Штаб-ротмистр Розен погиб в том же бою. А сам Чемоданов по ошибке несколько часов числился в списке убитых, и вот живой и невредимый вернулся в штабной блиндаж:
„— Долго жить будете, — с улыбкой утешил меня начальник дивизии: примета верная“.[648]
Широко известны подобные случаи и в годы Великой Отечественной войны.
„У меня был друг на Северо-Западном фронте, командир роты, позже комбат, человек исключительной храбрости и мужества, — вспоминал генерал М. П. Корабельников, на войне — командир пулеметной роты. — В сорок четвертом он вдруг стал говорить мне: „Максим, недолго нам осталось быть вместе“. „Не дури, Иван Васильевич“, — отмахивался я. А он все свое: „Убьют меня…“ — „С чего ты взял?“ — спрашиваю. А он: „Я это чувствую — устал я, и все мне опостылело…“ И действительно его убили“.[649]
И хотя данный эпизод вполне можно объяснить известным в военной психологии синдромом усталости, который замедляет реакцию, притупляет чувство самосохранения и, как следствие, повышает вероятность гибели человека в бою (по данным американских психологов, период полной боеспособности солдата на войне составляет примерно 60 дней, после чего наступает упадок душевных сил, психическое истощение и требуется обязательный отдых),[650] не всякое предчувствие смерти можно свести к рациональным причинам.
„Раньше как-то не верил в приметы, предчувствия. Считал выдумками, вспоминал механик-водитель БМД Николай Дука, служивший в Афганистане с первого дня ввода войск по 1980 г. — Но вот такой случай. Был у меня друг Николай Омельченко из Новосибирска. На гитаре здорово играл и вообще веселым парнем слыл. Только однажды гитару в сторону отложил и говорит: „Что-то, ребята, сердце заболело. Мать, сестру вдруг увидел…“ А утром на мине подорвался“.[651]
Известны такого рода предчувствия и в отношении других людей. Так, многие участники Афганской войны рассказывали о своей способности довольно точно предвидеть печальную судьбу товарищей.
„Не знаю, как объяснить этот феномен, — вспоминал майор С. Н. Токарев, — но здорово оно чувствуется перед операцией: вот тот человек, который погибнет.

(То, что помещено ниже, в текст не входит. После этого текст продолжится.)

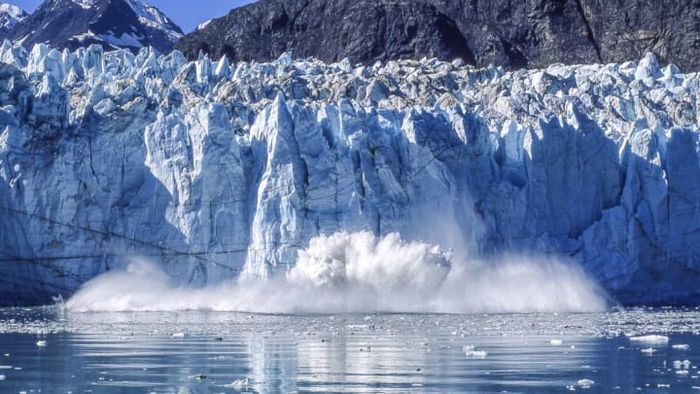 Calving is a process through which glaciers shed ice.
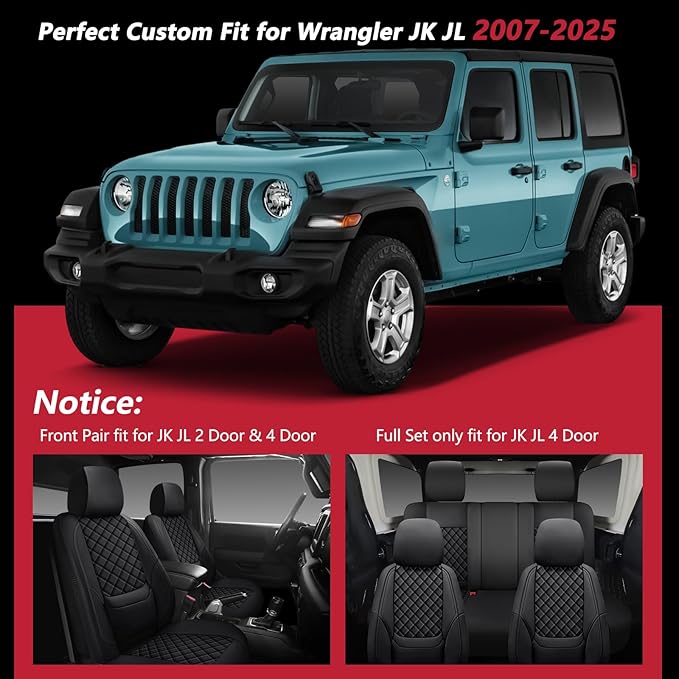 Wrangler Seat Covers 2007-2026 Full Set, Waterproof Leather Interior Sets with Lumbar Support Custom Fit for Jeep Wrangler JK JL 4 Door Unlimited Sahara/Sport/Rubicon X 392 Willys, Black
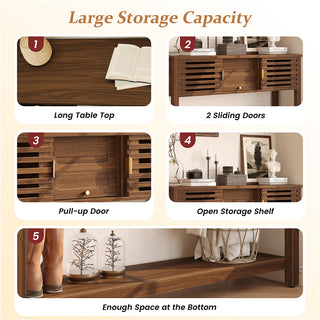 JASIWAY mid-century modern walnut console table featuring elegant slatted sliding doors, solid wood construction with a rich walnut finish, and a spacious bottom shelf for entryway storage and decorative display.-Multi-feature detail diagram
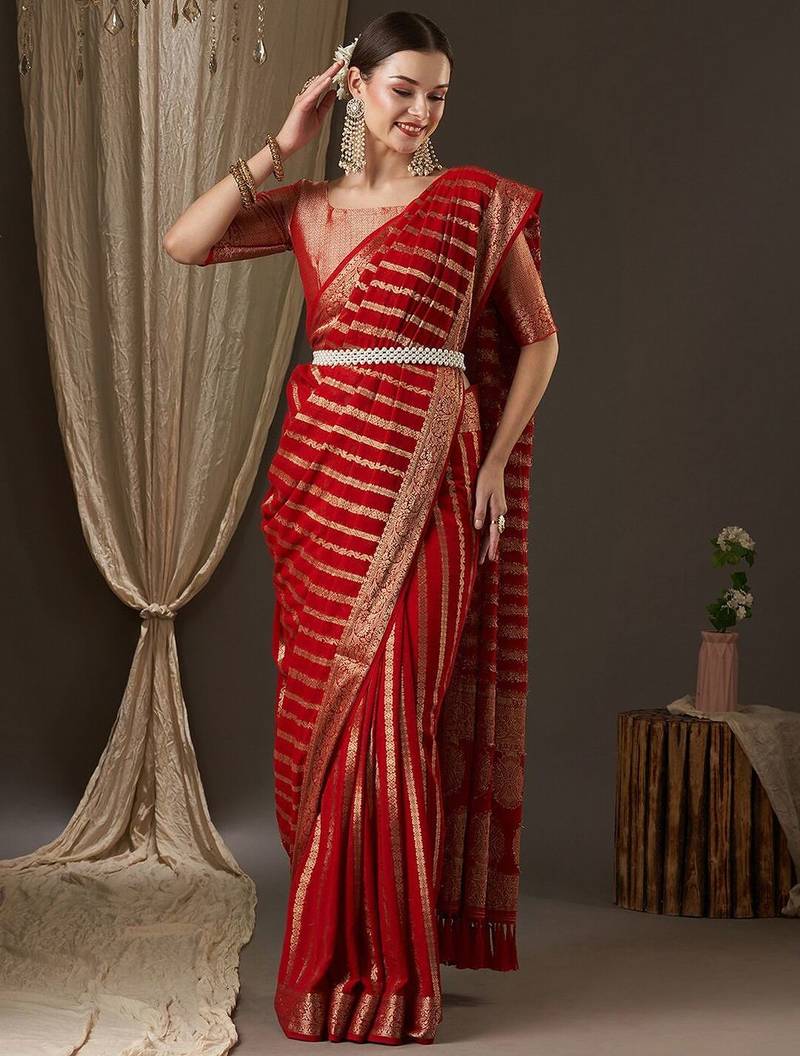 Red red & gold-toned woven design zari  georgette kanjeevaram saree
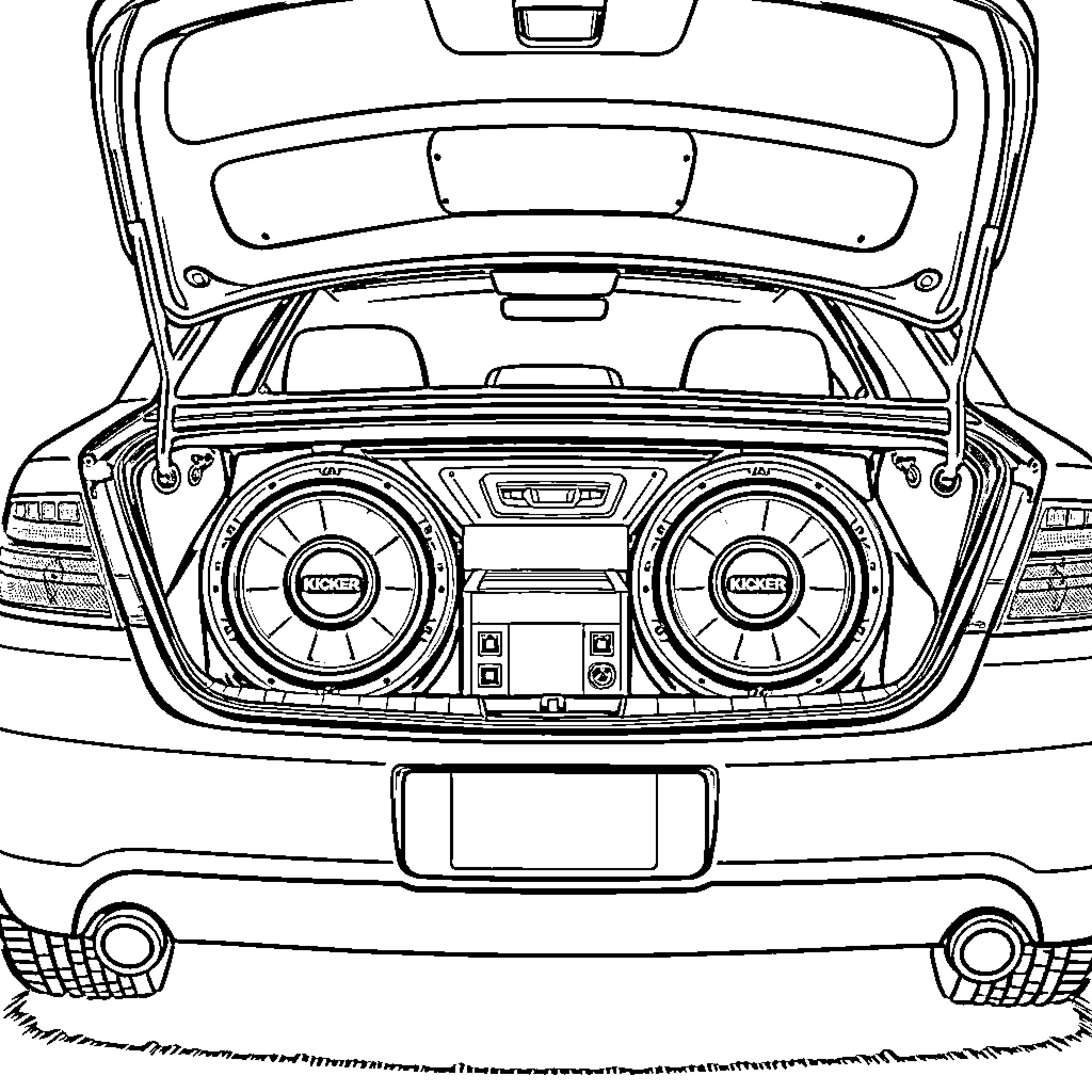 Ford Taurus with open trunk featuring car audio system Coloring Page (free black-and-white line drawing printable PDF for all, from beginners to advanced learners, including children, teens, adults, and seniors)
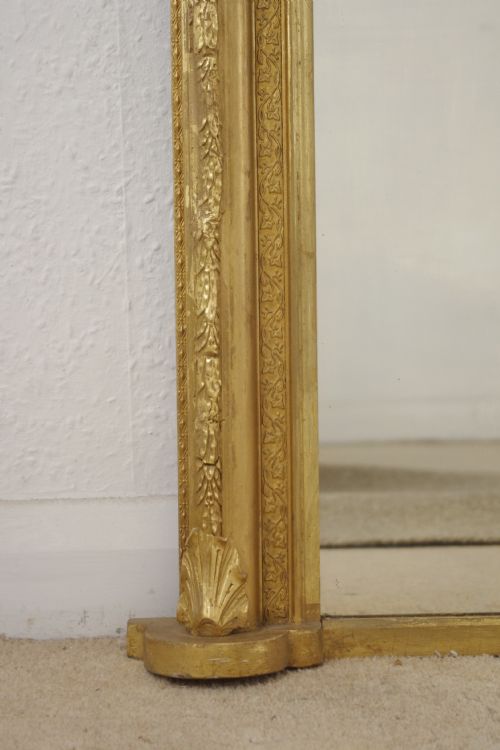 VICTORIAN GILT LARGE OVERMANTLE MIRROR WITH 'PUTTO' CRESTING - ADDITIONAL PHOTO 5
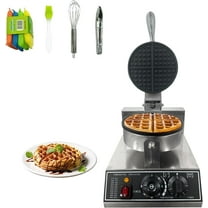 Trilenars Commercial Waffle Maker,1200W Stainless Steel Nonstick Round Waffle Iron with 122℉ to 572℉ Temp Range & Time Control,for Household Bakeries Snack Bar,Black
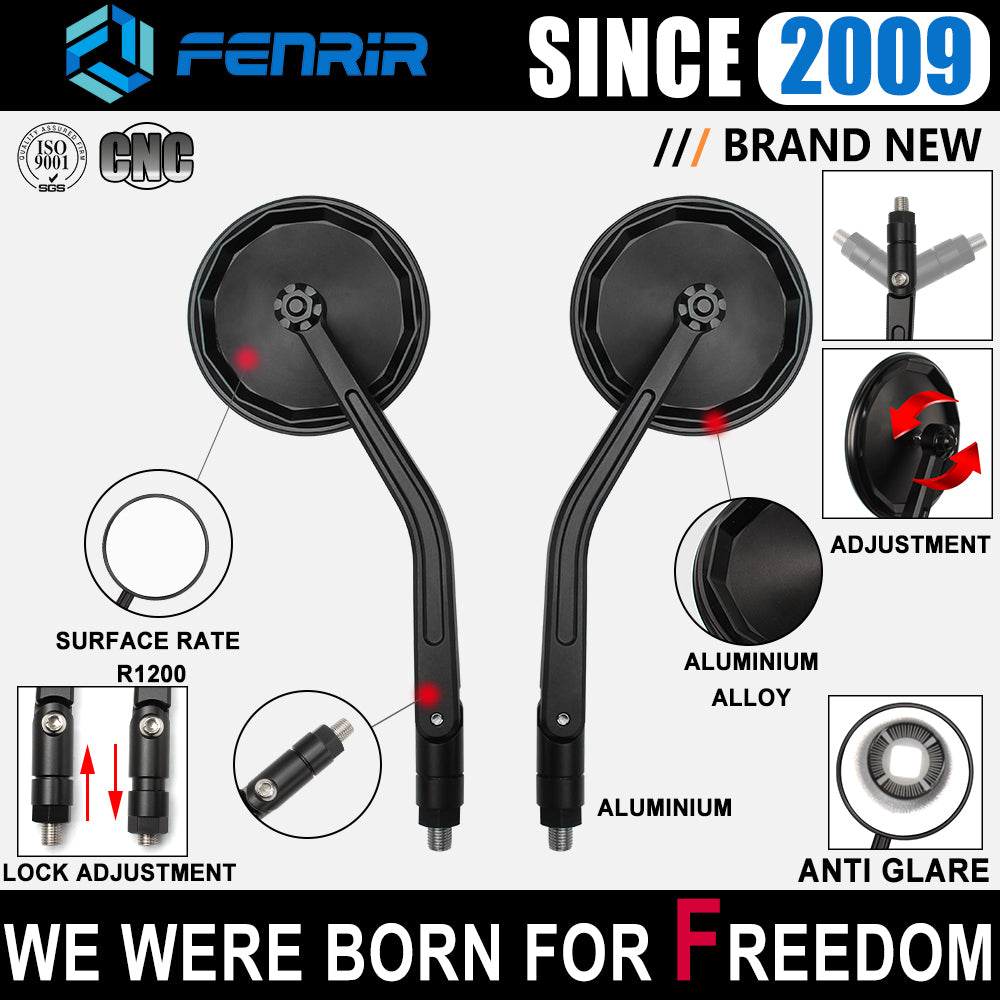 FENRIR Emark CNC Aluminum Alloy Black Motorcycle side Mirror Universal Retro Round For M10 Adventure Dual Sport Naked Street Cruiser Scooter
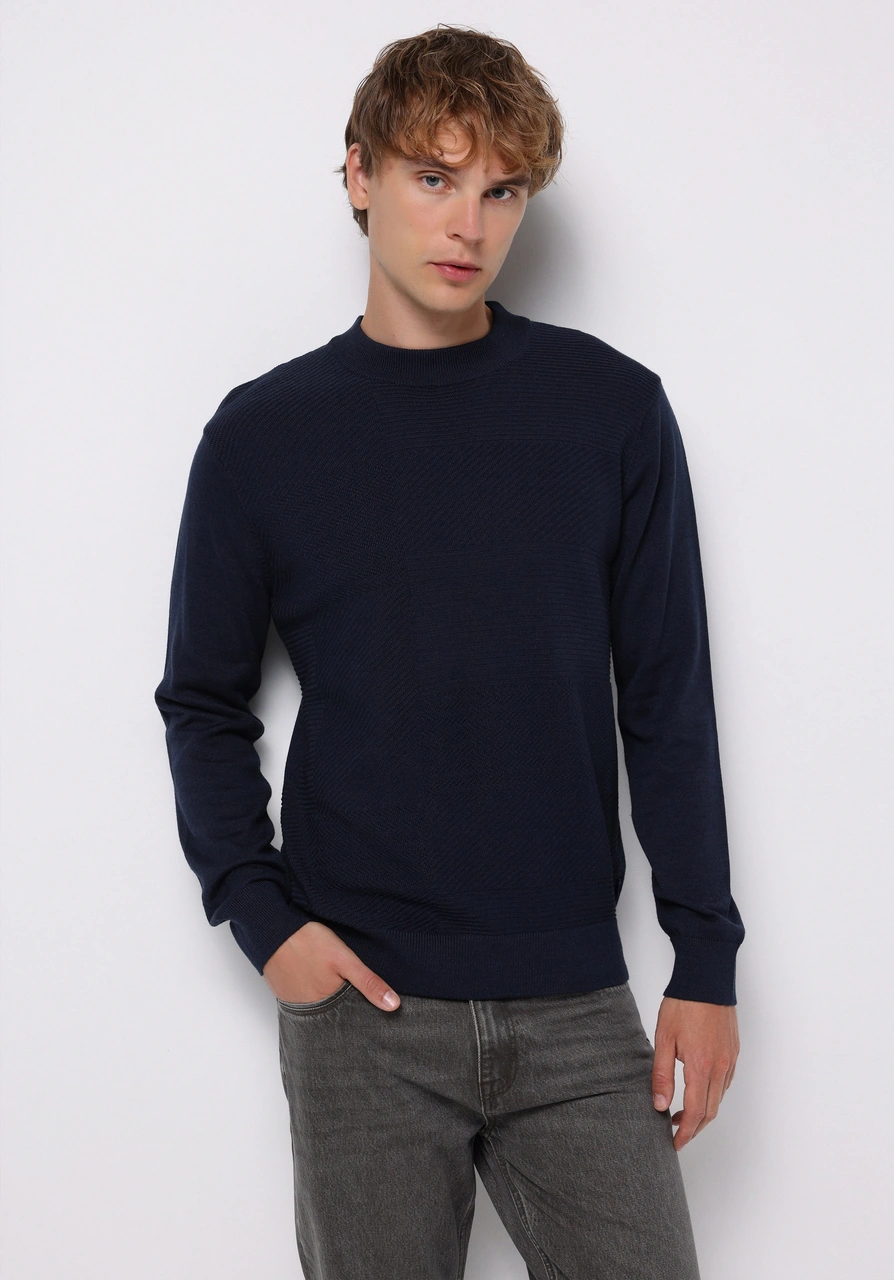 Colin's Colins Regular Fit Yuvarlak Yaka Jakarlı Erkek Lacivert Kazak Cl1076490 Q1.v2 Nav Lacivert
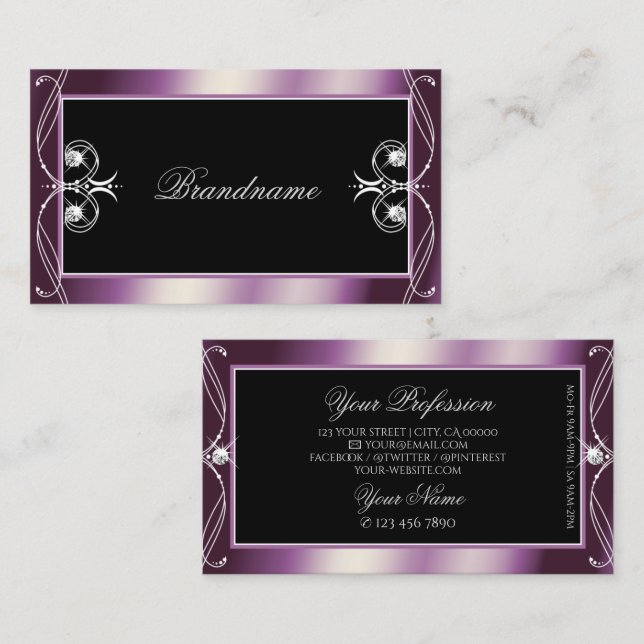 Scrollwork Black Purple Sparkle Diamonds Ornaments Business Card (Front/Back)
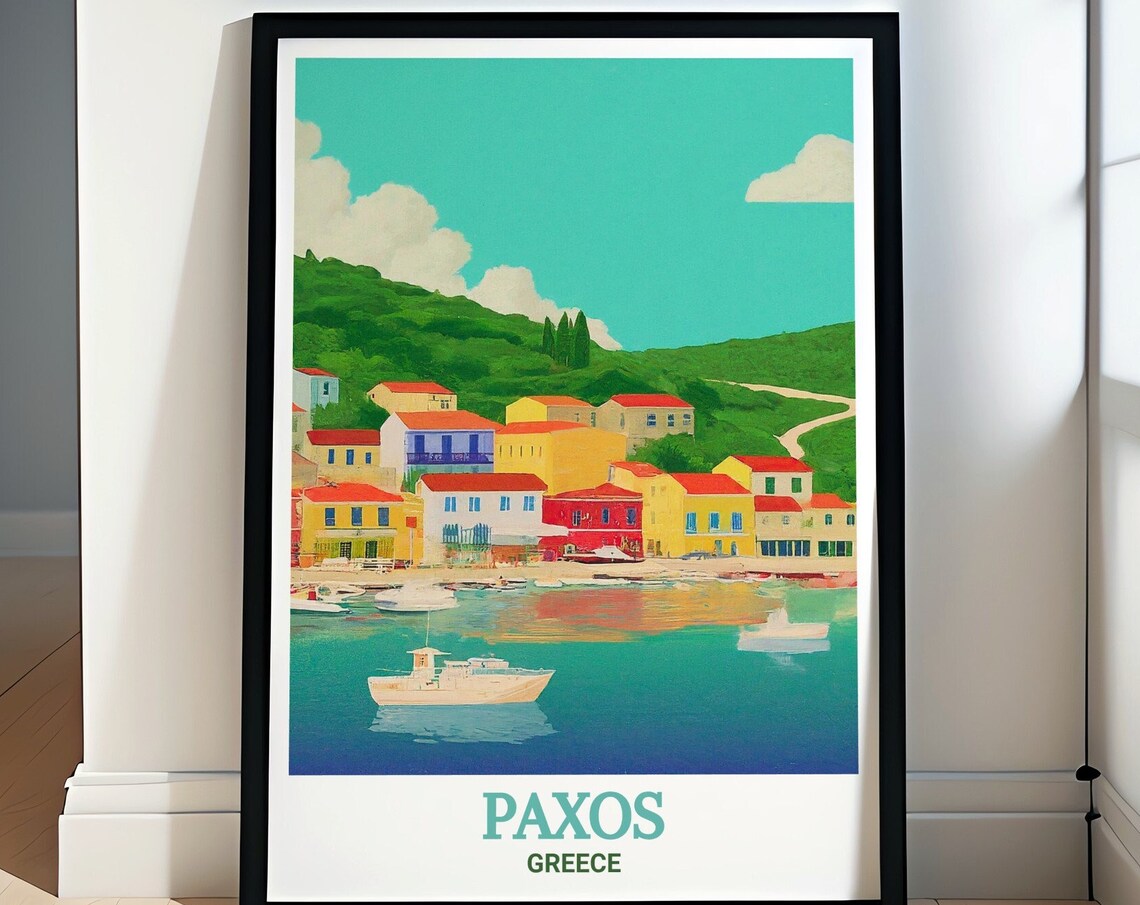 Paxos Island Gaios Harbor Waterfront Village Greece Travel Poster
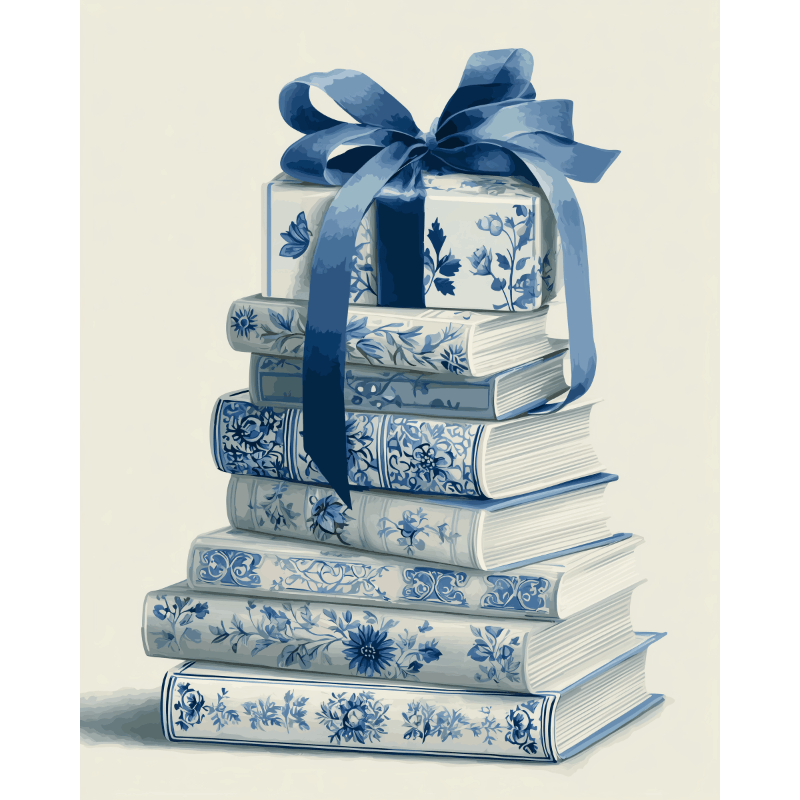 Delfts blauwe bibliotheek- Schilderen op nummers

Как замполит батальона у нас… Не должен он был ехать на эту операцию. Он пошел к командиру взвода, подарил лампу свою, еще что-то, всю ночь не спал, все ходил, — то с одним поговорит, то с другим… В ночь вышли, а утром он погиб. Есть какая-то печать смерти, висит она над человеком… И с ранеными то же самое: как-то сразу понимаешь, выживет парень или нет“.[652]
На войне дурные предчувствия, как правило, сбываются. Поэтому большинство солдатских примет связаны с ожиданием несчастий — ранения или гибели, и попыток через мистические ритуальные действия их предотвратить. Так, поведение человека перед боем ограничено системой традиционных запретов. Существуют устоявшиеся табу в отношении вещей погибших. Почти у каждого солдата есть свой талисман, который нужно хранить в тайне, и своя (часто самодеятельная) молитва, и т. д. При этом вера в Судьбу присутствует, даже если человек утверждает, что никогда не верил в Бога.
„Ни в Аллаха, ни в Бога я не верю“, — вспоминал ветеран Великой Отечественной, бывший комсорг батальона, минометчик Мансур Абдулин. Но тут же делал признания совершено иного рода: „Помню, еще на пути к фронту… [вместе с новым полевым обмундированием] были нам выданы и пластмассовые патрончики с крышкой на резьбе. Внутри — ленточка, которую надо было собственноручно заполнить своими анкетными данными, завинтить патрончик наглухо, чтоб в него не попала сырость, и положить в кармашек. „Паспорт смерти“ — так окрестили мы этот патрончик между собой. Не знаю, кто как, а я тот паспорт выбросил тихонько, чтоб никто не видел, и на его место положил в брюки свой талисман — предмет, который я должен буду сберечь до конца войны. Наверное, у всех моих товарищей были вещи, которые служили им талисманами, но говорить об этом было не принято: талисман „имел силу“, если о нем знал только ты сам.